▶ **Listed records**:
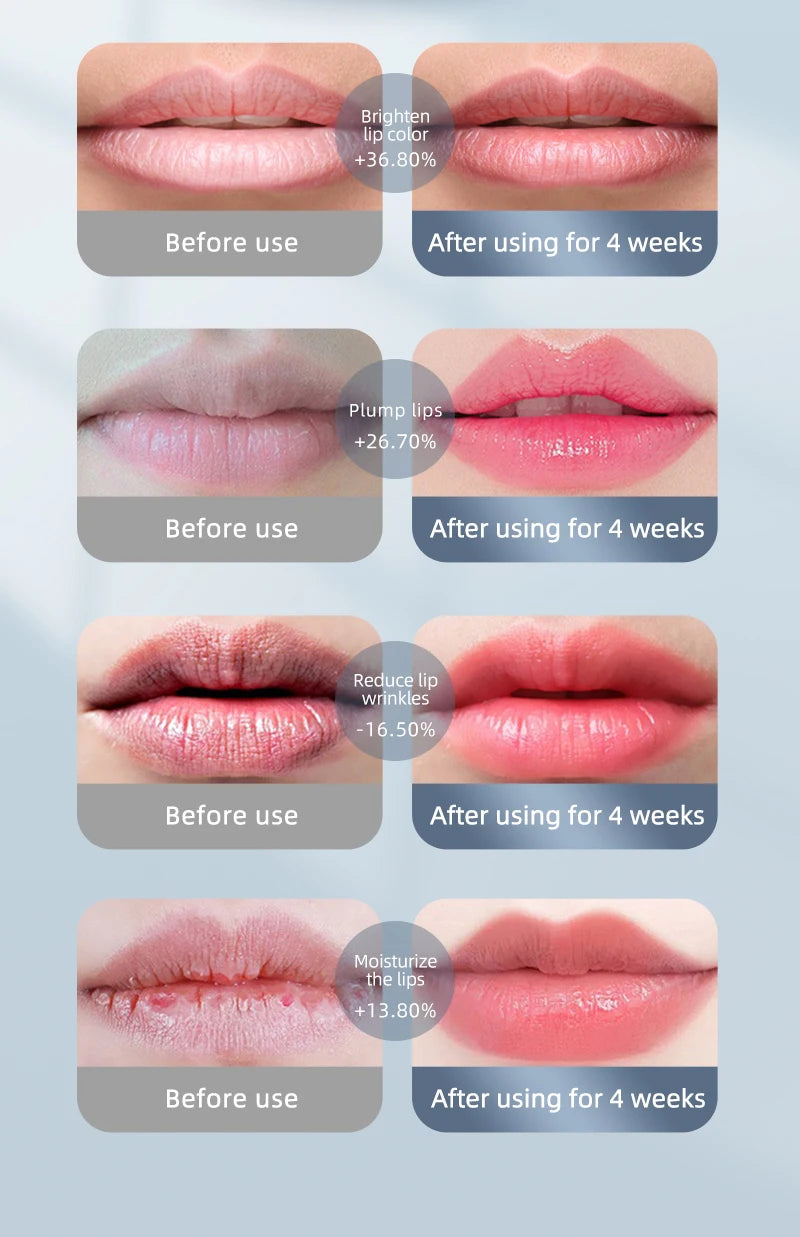 2-in-1 LED Phototherapy Lip & Teeth Care Device – Dual Repair for Plump Lips & Whiter Smile | Anti-Aging Light Therapy Massage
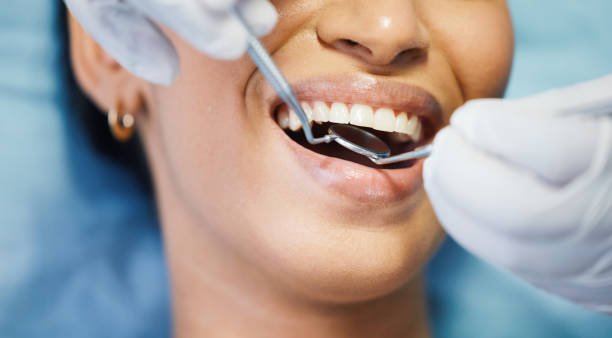 Best Pediatric Emergency Dentist in Fairlawn, VA
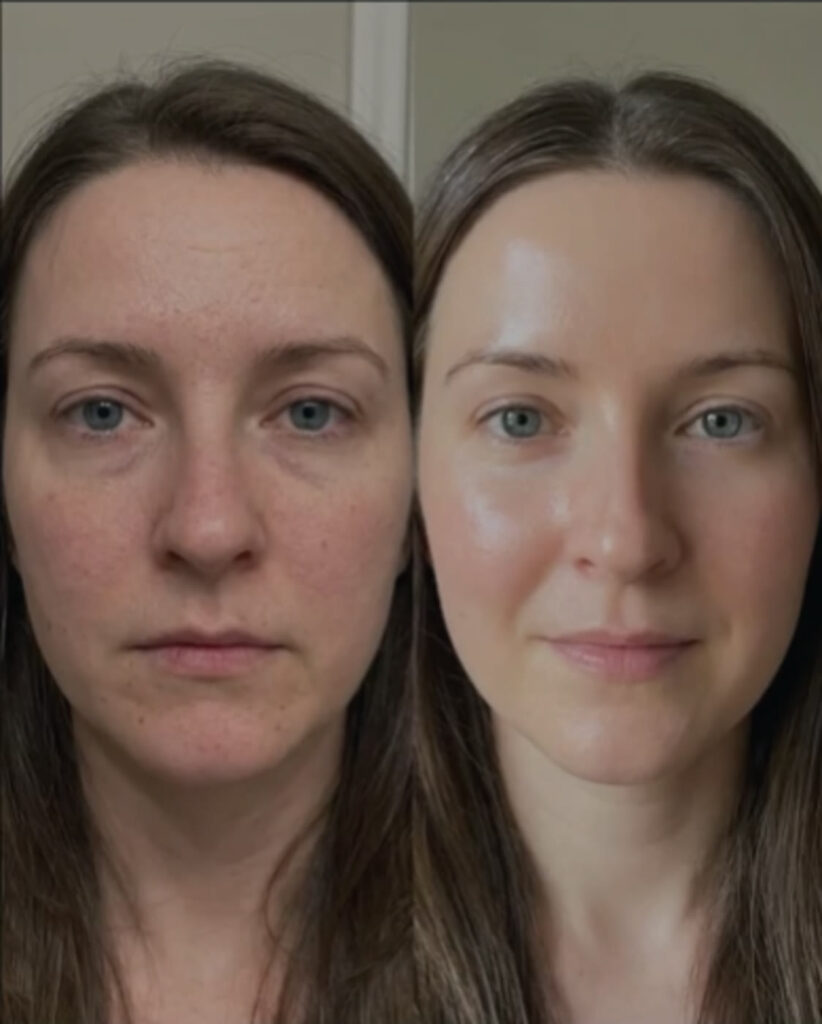 Resultado del tratamiento Dermapen tras 6 sesiones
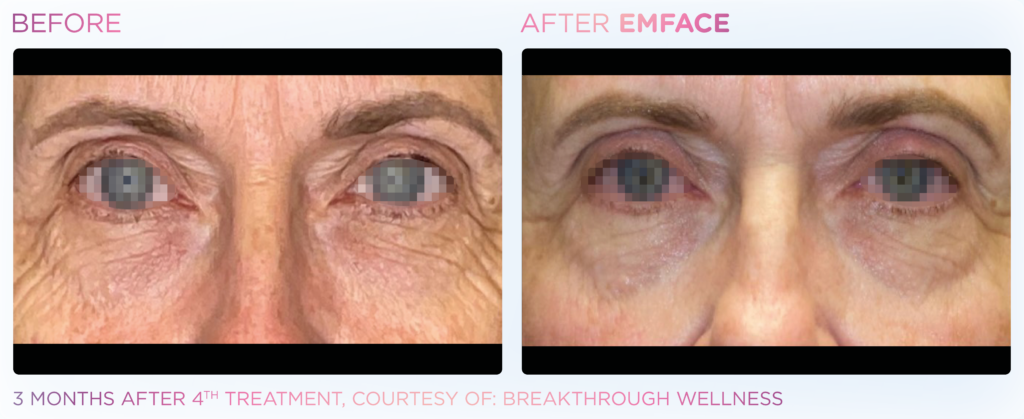 Emface_PIC_Ba-card-male-eyes-103_ENUS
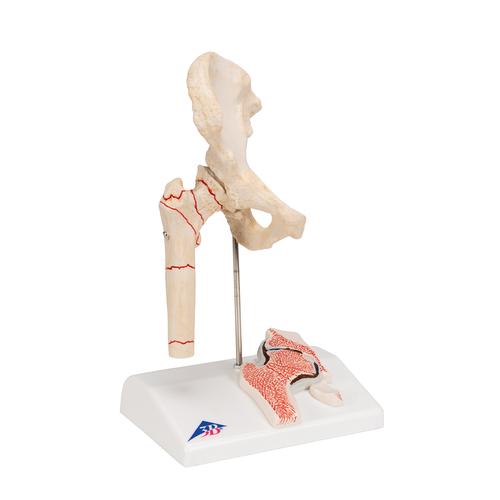 Femur kırık ve kalça osteoartriti - 3B Smart Anatomy, 1000175 [A88], Arterit ve osteoporoz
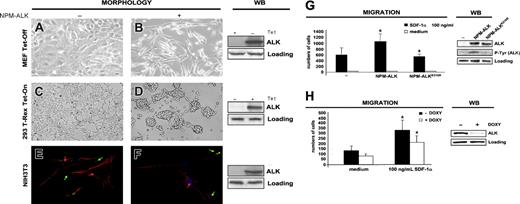 Figure 1. Morphologic changes induced by NPM-ALK. (A-B) MEFs Tet-Off show spindle-transformed cell shape when NPM-ALK is expressed. MEFs Tet-Off were stably transfected with the inducible vector NPM-ALK pBIEGFP and forced to express NPM-ALK when grown in medium deprived of tetracycline for 48 hours. (C-D) The 293 T-Rex Tet-On cells undergo changes in adherence when NPM-ALK is induced by adding tetracycline to the culture medium for 24 hours. Contrast-phase images; 40×/0.55 objective lens. (E-F) NIH3T3 fibroblasts were infected with Pallino NPM-ALK retrovirus and then incubated with monoclonal antipaxillin primary antibody followed by FITC-conjugated secondary antibody (green) and with PE-conjugated phalloidin to stain the actin filaments (red). Noninfected NIH3T3 cells (E) show a spread morphology, with clearly detectable actin filaments ending in the focal contacts (red arrows) and with organized paxillin clusters (green arrows), whereas NIH3T3 NPM-ALK cells (F) show only few actin filaments (red arrow) and rare paxillin clusters (green arrows). Images were taken with the Leica confocal microscope using a 63×/1.32 objective lens. Right panels show NPM-ALK expression by WB in the corresponding cells. Samples were blotted with anti-ALK monoclonal antibody. (G) CEM cells were infected with retroviruses expressing NPM-ALK or the kinase-dead mutant NPM-ALKK210R as control and then sorted for GFP expression. The histograms represent the numbers of cells migrated in response to SDF-1α in a transwell assay. The histograms summarize the results of 3 independent experiments using triplicate wells for experimental point. The right panels show NPM-ALK expression and phosphorylation by WB in the corresponding cells. Samples were blotted with anti-ALK and anti-PY20 monoclonal antibodies. (H) NPM-ALK silencing by ALK-shRNA decreases the migration rate of TS cells. TS cells were cotransduced with pLVTH ALK-shRNA and pLV-tTRKRAB vectors to obtain a doxycycline-dependent inducible NPM-ALK silencing. Cells were grown in the presence of doxycycline (1 μg/mL) for 72 hours. The histograms represent the numbers of cells migrated in response to SDF-1α in a transwell assay. The histograms are from 3 independent experiments using triplicate wells for experimental point. The right panels show NPM-ALK expression by WB in the corresponding cells. Samples were blotted with anti-ALK monoclonal antibody. *Statistically significant as analyzed by Student t test.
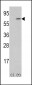 M-CSF Antibody (Center)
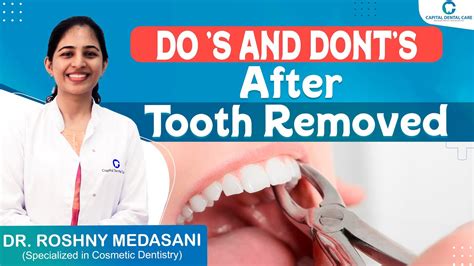 Do S And Don Ts After Wisdom Teeth Removal Tooth Extraction After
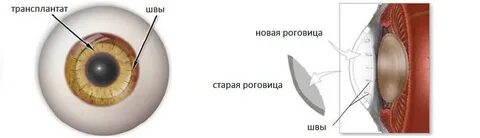 Роговица развивается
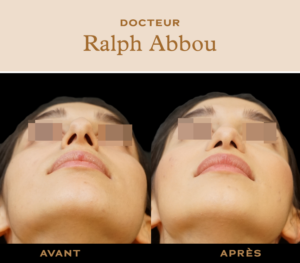 Réduction des narines Paris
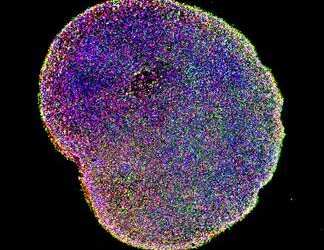 Mini-cervelli prodotti in serie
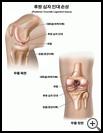 Thumbnail image of: Posterior Cruciate Ligament Injury: Illustration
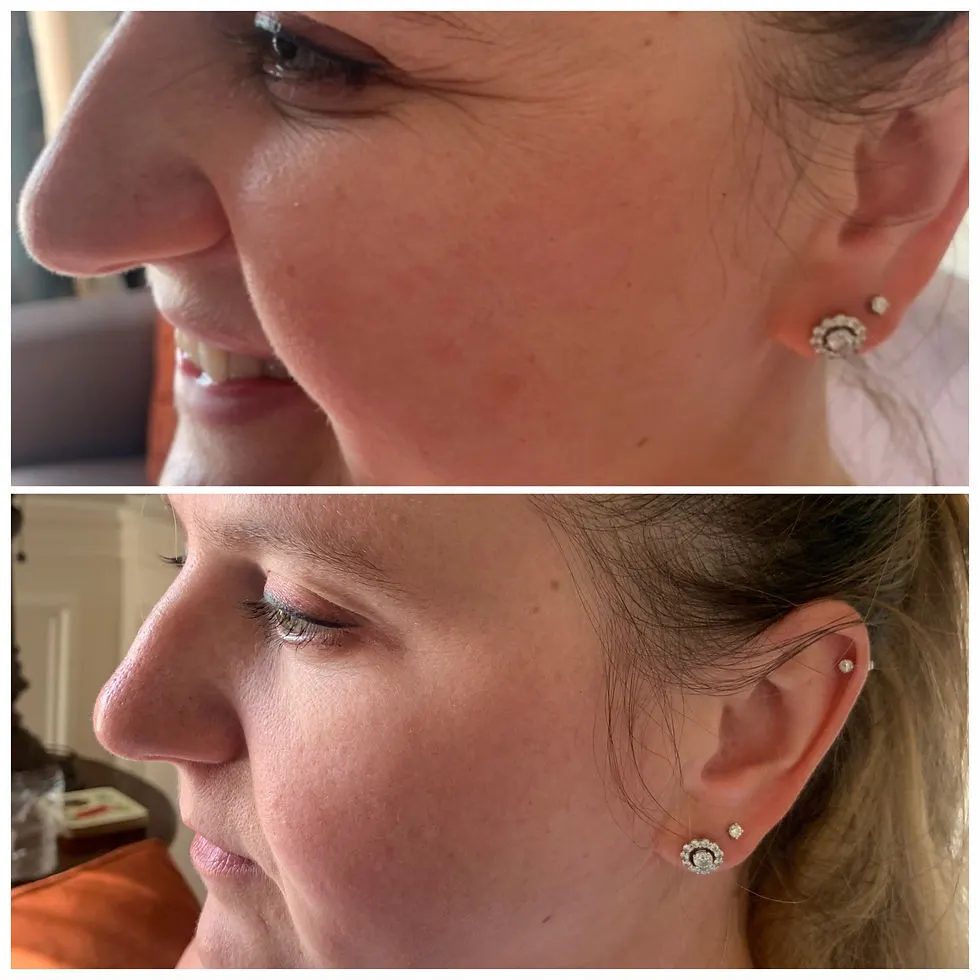 Before and After 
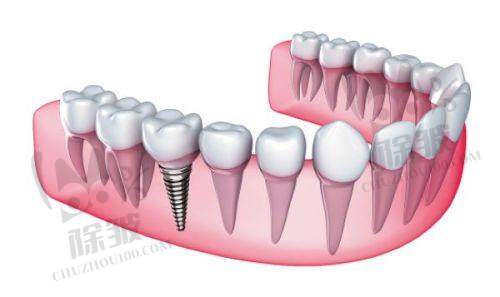淮北矿工总医院口腔科医生团队实力强大及骨干医生简介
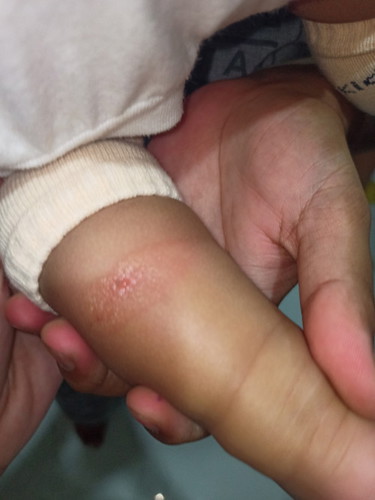 Skin rash?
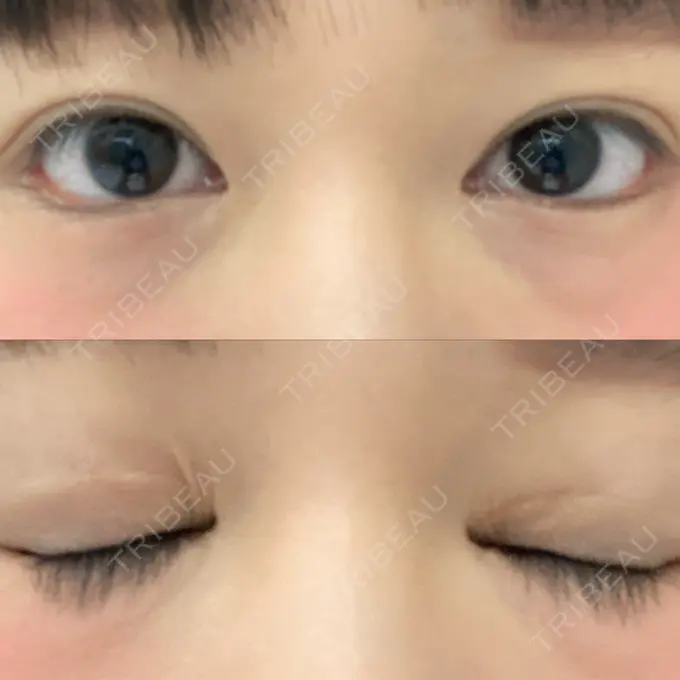 蒙古ひだ形成 / 目元修正 銀座高須クリニック BEFORE メイン用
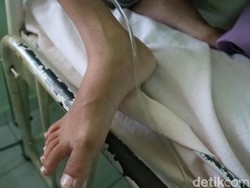 Menderitanya Fahri, Bocah 6 Tahun Berat Badan Hanya 10 Kg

▶ **Work to complete**: The line that contains "Mini-cervelli prodotti in serie" opens the part to copy, and the last line of the records closes it; set down those lines exactly, pictures excluded.

▶ **Solution to this problem**:
 Mini-cervelli prodotti in serie
 Thumbnail image of: Posterior Cruciate Ligament Injury: Illustration
 Before and After 
淮北矿工总医院口腔科医生团队实力强大及骨干医生简介
 Skin rash?
 蒙古ひだ形成 / 目元修正 銀座高須クリニック BEFORE メイン用
 Menderitanya Fahri, Bocah 6 Tahun Berat Badan Hanya 10 Kg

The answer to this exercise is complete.